What you are asked to do: Records follow. Print exactly the lines from the one that has "At the end of round ten" through the one that has "Just a little", inclusive, and omit the pictures.

Data section Block Start

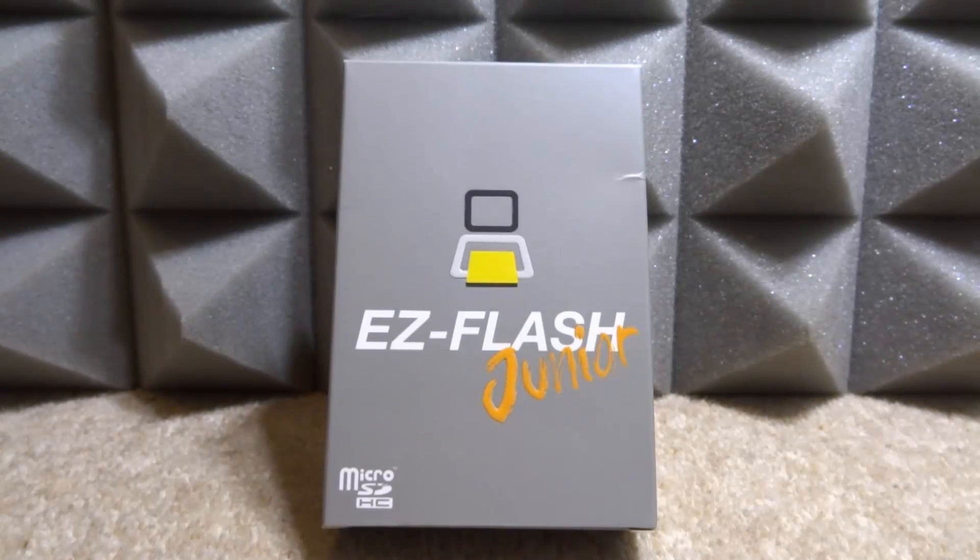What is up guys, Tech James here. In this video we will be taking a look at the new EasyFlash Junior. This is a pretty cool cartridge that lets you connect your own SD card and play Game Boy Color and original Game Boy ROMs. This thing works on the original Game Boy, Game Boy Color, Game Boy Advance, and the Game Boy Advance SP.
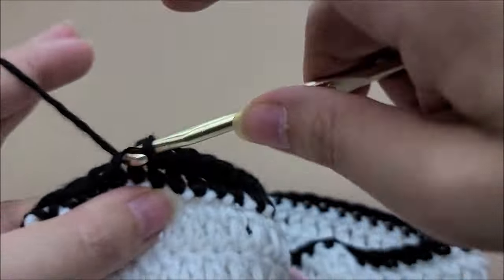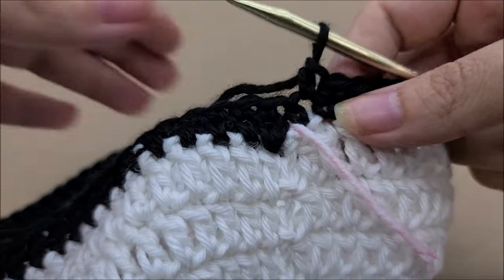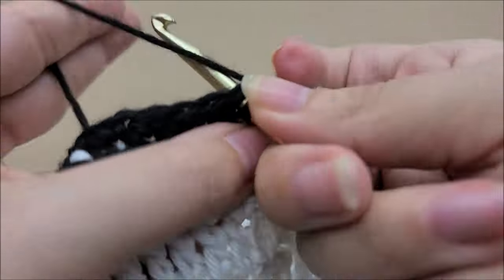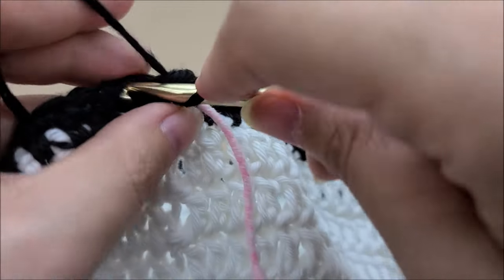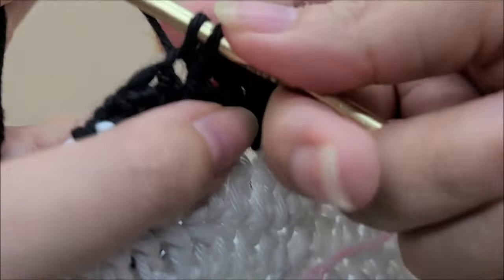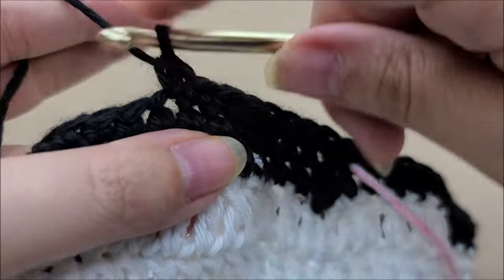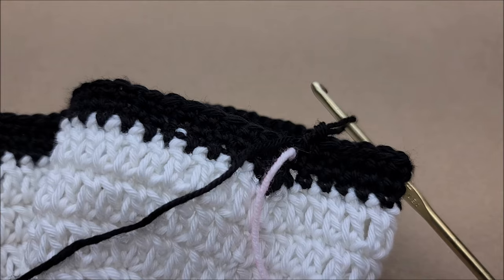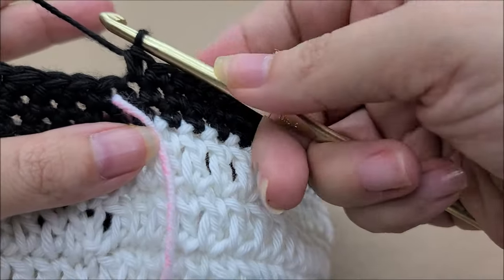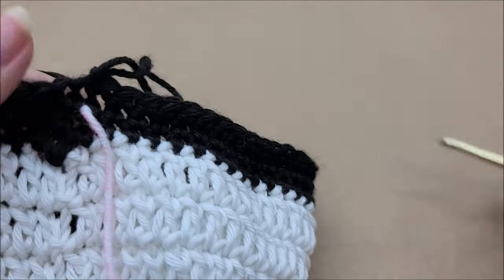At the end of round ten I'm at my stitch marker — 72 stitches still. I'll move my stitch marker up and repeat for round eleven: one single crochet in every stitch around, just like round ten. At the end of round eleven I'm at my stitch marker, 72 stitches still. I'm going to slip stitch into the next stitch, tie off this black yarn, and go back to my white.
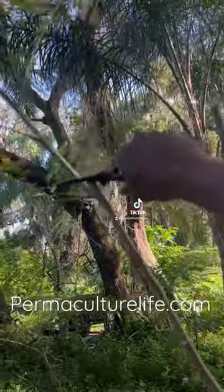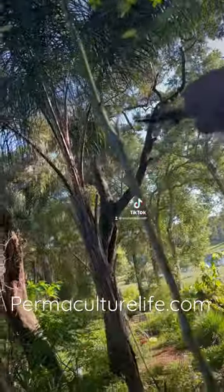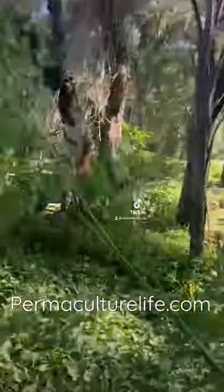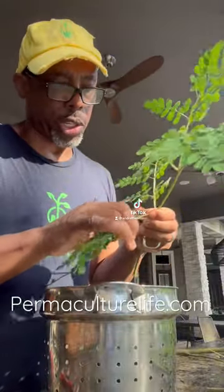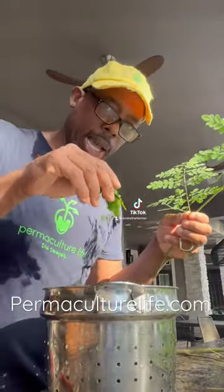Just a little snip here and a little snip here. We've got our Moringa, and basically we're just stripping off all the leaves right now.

Data section Block End
Data section Block Start

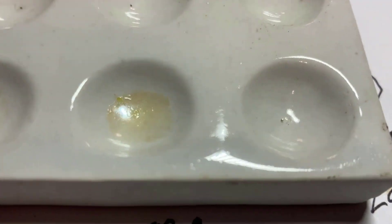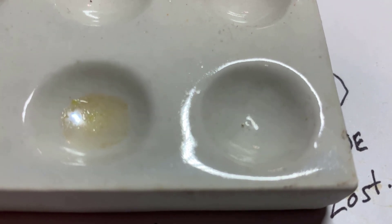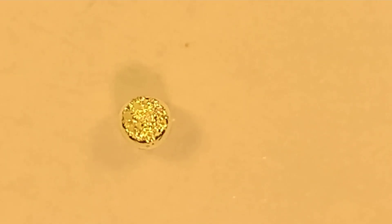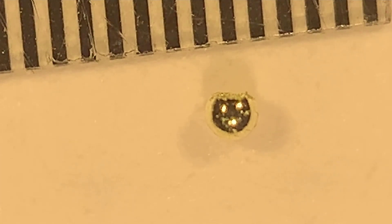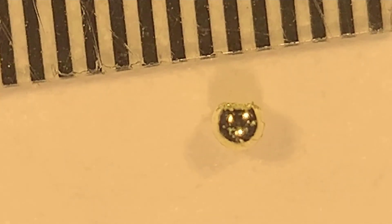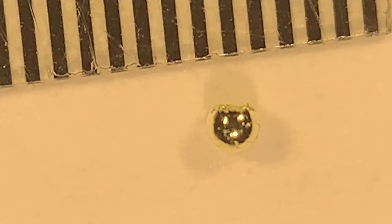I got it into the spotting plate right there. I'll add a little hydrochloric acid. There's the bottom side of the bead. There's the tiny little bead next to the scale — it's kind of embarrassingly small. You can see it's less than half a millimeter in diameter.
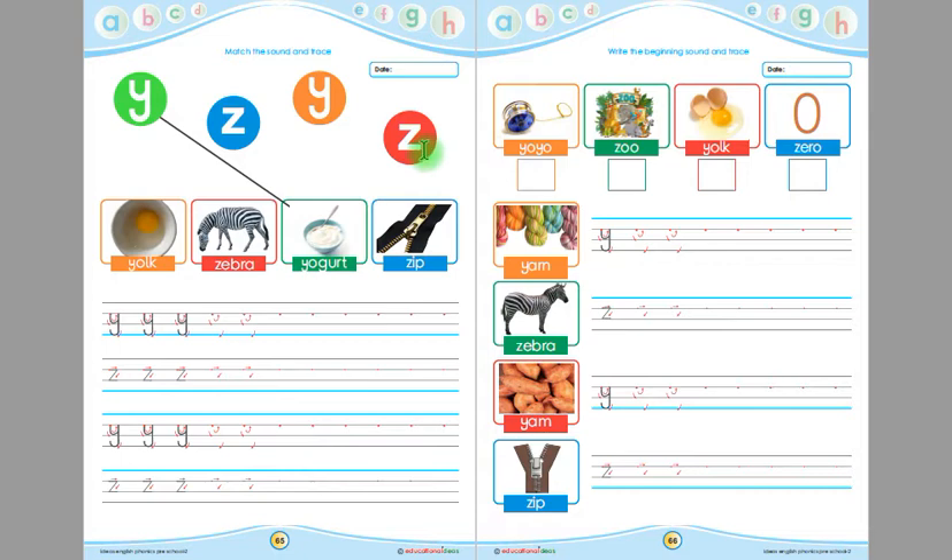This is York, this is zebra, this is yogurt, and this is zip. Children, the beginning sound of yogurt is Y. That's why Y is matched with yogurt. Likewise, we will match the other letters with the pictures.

Data section Block End

Result of this exercise:
At the end of round ten I'm at my stitch marker — 72 stitches still. I'll move my stitch marker up and repeat for round eleven: one single crochet in every stitch around, just like round ten. At the end of round eleven I'm at my stitch marker, 72 stitches still. I'm going to slip stitch into the next stitch, tie off this black yarn, and go back to my white.
Just a little snip here and a little snip here. We've got our Moringa, and basically we're just stripping off all the leaves right now.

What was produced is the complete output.